Mussels: Health Benefits And Side Effects
History Of Mussel
Mussels are small bivalve molluscs that inhabit the entire oceans. Mussel shells close so tightly that in Japan this seafood is considered a symbol of a love union. At the wedding, a traditional soup made from these molluscs is sure to be served.
Mussels were collected and eaten by ancient people. Then they were specially bred by the Irish in the 13th century. They lowered oak trunks into the water, dropping mussels with eggs on them. After a year or two, a colony formed, the molluscs grew up, and they were collected. The colony can grow up to 10 meters in diameter.
Mussels can form small pearls: if a particle of sand or a pebble gets inside, mother-of-pearl gradually envelops it to protect the delicate body of the marine life.
The ancient method of collecting mussels is still used by the Eskimos in the Arctic regions. Since the water is covered with a thick crust of ice, people wait for low tide and look for cracks to get shellfish through. Sometimes the Eskimos even go down under the ice to the bottom.
The Benefits Of Mussels
Mussel meat mainly consists of protein, which is easily digestible. Despite their high fat content, shellfish do not become harmful to people who monitor cholesterol levels. Mussels contain precisely polyunsaturated fatty acids, which are required for good brain function.
Mussels are rich in various trace elements: sodium, zinc, iodine, manganese, copper, cobalt and others. They also contain a lot of B vitamins, as well as E and D. Essential antioxidants help restore the health of weakened people, reduce the impact of the harmful oxidative process.
A large amount of iodine makes up for the lack of this trace element in the body. Mussels are especially beneficial for people with underactive thyroid.

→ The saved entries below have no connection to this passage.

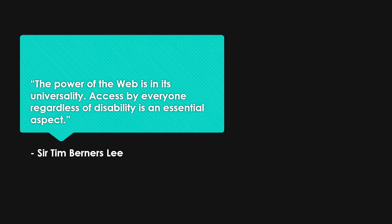When we think about accessibility more broadly, I really like this quote from Sir Tim Berners-Lee, where he says that the power of the web is in its universality. Access by everyone, regardless of disability, is an essential aspect.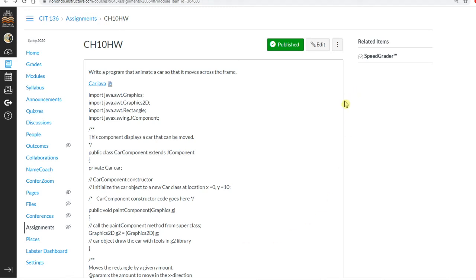Ms. Liu is going to teach you how to do Chapter 10 homework. This assignment will create a program to animate a car so it moves across the frame from left to right horizontally. For this assignment, you need to download the Car.java, which was from your first semester car class.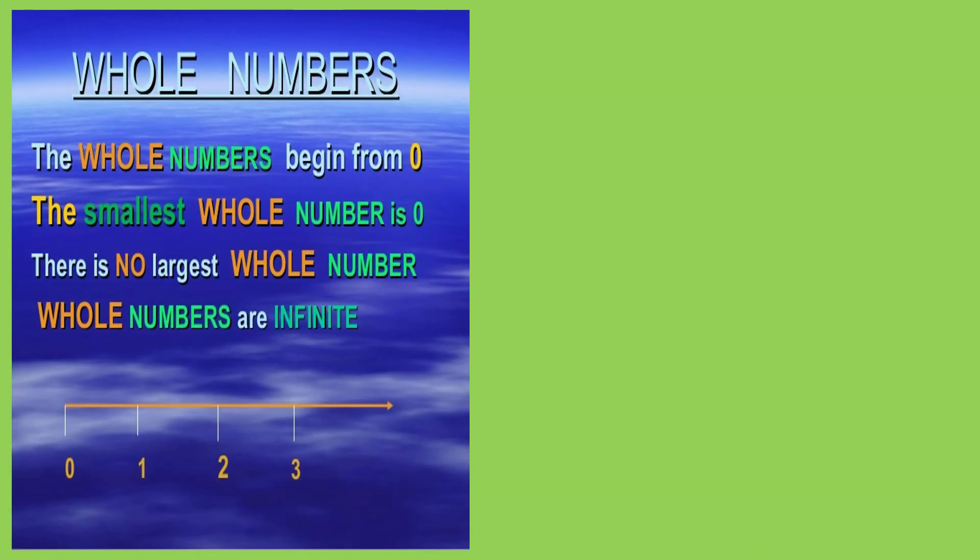When we add 1 to the given number, we get the next number. Thus, there is no largest or greatest whole number.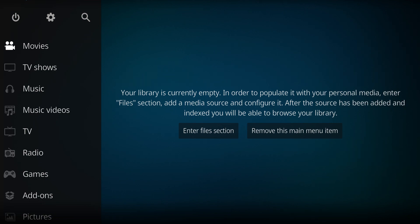In this video we're going to look at installing an add-on called the Coalition that will give you movies and TV shows accompanied with a paid service like Real-Debrid.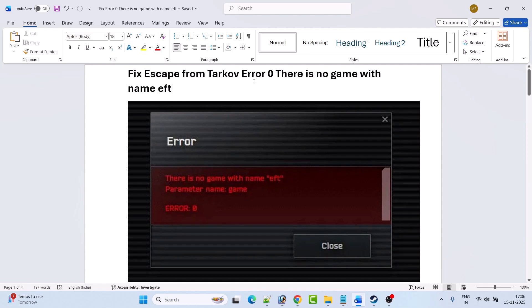Hello guys, welcome back to my YouTube channel. In this video tutorial, you will learn how to fix the Escape From Tarkov error: 'Error zero, there is no game with name EFT.' So if you're getting the error 'Escape From Tarkov: there is no game with name EFT, parameter name game, error zero,' then follow the fixes here.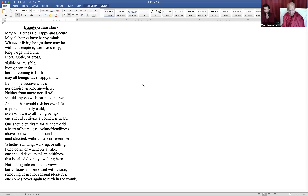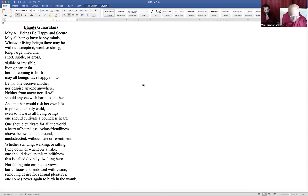Not falling into erroneous views, but virtuous and endowed with vision, removing desires for sensual pleasures, one comes never again to birth in the womb. Now with this metta thought, let us begin our practice.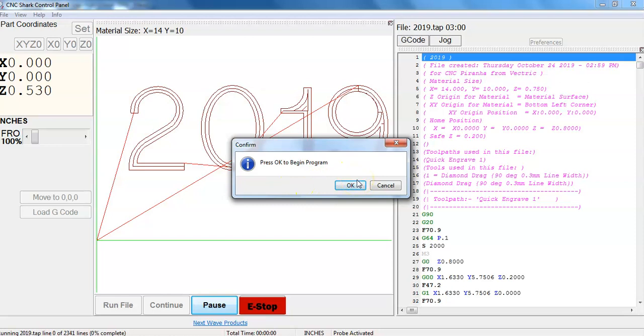So again I will have a secondary video set up for this where we lock the wood in and we click OK so we can see this 2019 get routed out. So go ahead, stop this video, rewind and replay as many times as you need in order to get this laid out in your board.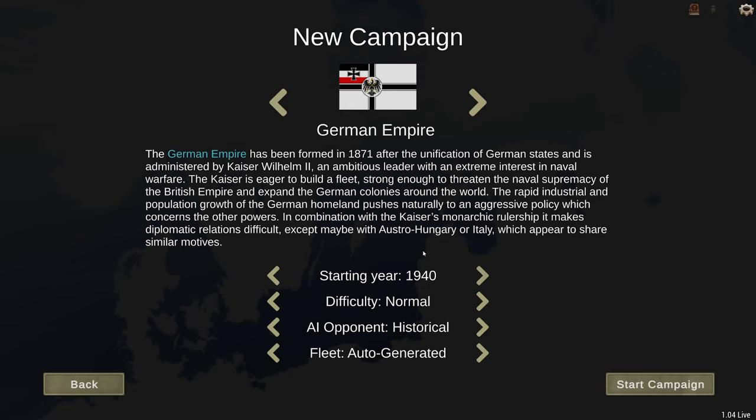Hope you found it useful. If you did, hit the like so other people can find this video as well, and have fun playing your campaigns.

Mussels are a good source of zinc, due to the absence of substances in them that prevent its absorption. Amino acids in the composition of the shellfish improve the solubility of zinc, which is necessary for the synthesis of many enzymes. Zinc is found in insulin, is involved in energy metabolism, so it helps to reduce weight by speeding up metabolism.
It has been proven that regular consumption of mussels reduces inflammation, strengthens the immune system, which is extremely useful for diseases such as arthritis. The meat of this mollusc even reduces the risk of oncology and the degree of exposure to radiation on the body.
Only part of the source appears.